Run this notebook: Open in Colab Open in Kaggle

Semantic Search With Sentence Transformers¶

What: Build a semantic search system that finds the most relevant documents in a corpus for a given natural-language query, using all-MiniLM-L6-v2 embeddings and cosine similarity ranking.

Why: Semantic search goes beyond keyword matching by understanding the meaning of queries and documents. A query like “How do artificial neural networks work?” will match documents about “neural networks” and “deep learning” even without exact word overlap. The approach uses asymmetric search – queries and documents may differ in length and style, but the shared embedding space places semantically related content nearby.

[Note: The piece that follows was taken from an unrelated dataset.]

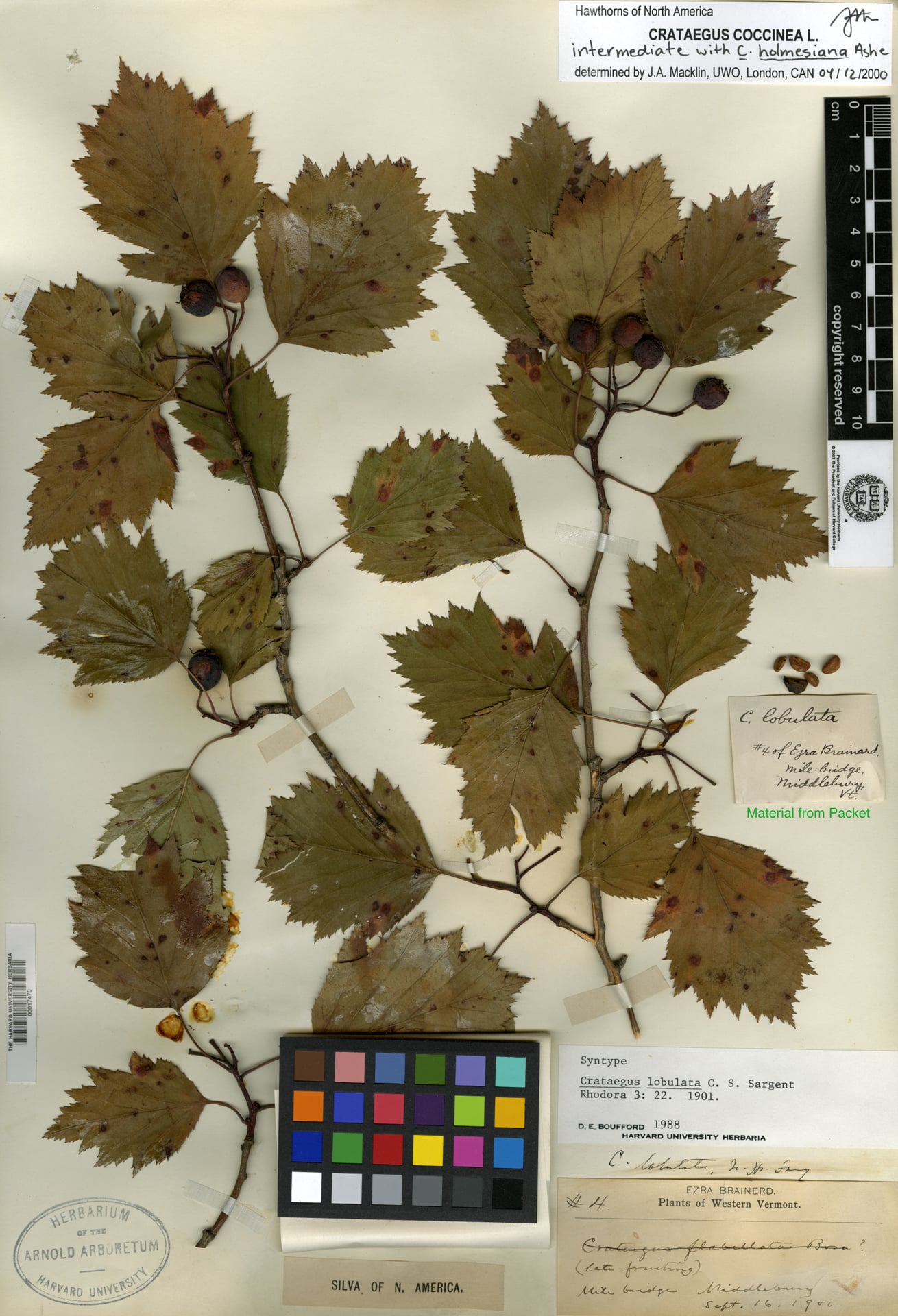 Crataegus lobulata (Red haw) — photo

How: The corpus is encoded once using encode_document() and stored as tensors (optionally on GPU). At query time, encode_query() produces a query embedding, and model.similarity() computes cosine similarity against all corpus embeddings. torch.topk() efficiently extracts the top-\(k\) results without sorting the entire list.

Connection: This is the core retrieval mechanism in RAG (Retrieval Augmented Generation) pipelines. In production, the corpus embeddings would be stored in a vector database (FAISS, Pinecone, Qdrant) for sub-millisecond retrieval over millions of documents.

# https://sbert.net/examples/sentence_transformer/applications/semantic-search/README.html

"""
This is a simple application for sentence embeddings: semantic search

We have a corpus with various sentences. Then, for a given query sentence,
we want to find the most similar sentence in this corpus.

This script outputs for various queries the top 5 most similar sentences in the corpus.
"""

import torch

from sentence_transformers import SentenceTransformer

embedder = SentenceTransformer("all-MiniLM-L6-v2")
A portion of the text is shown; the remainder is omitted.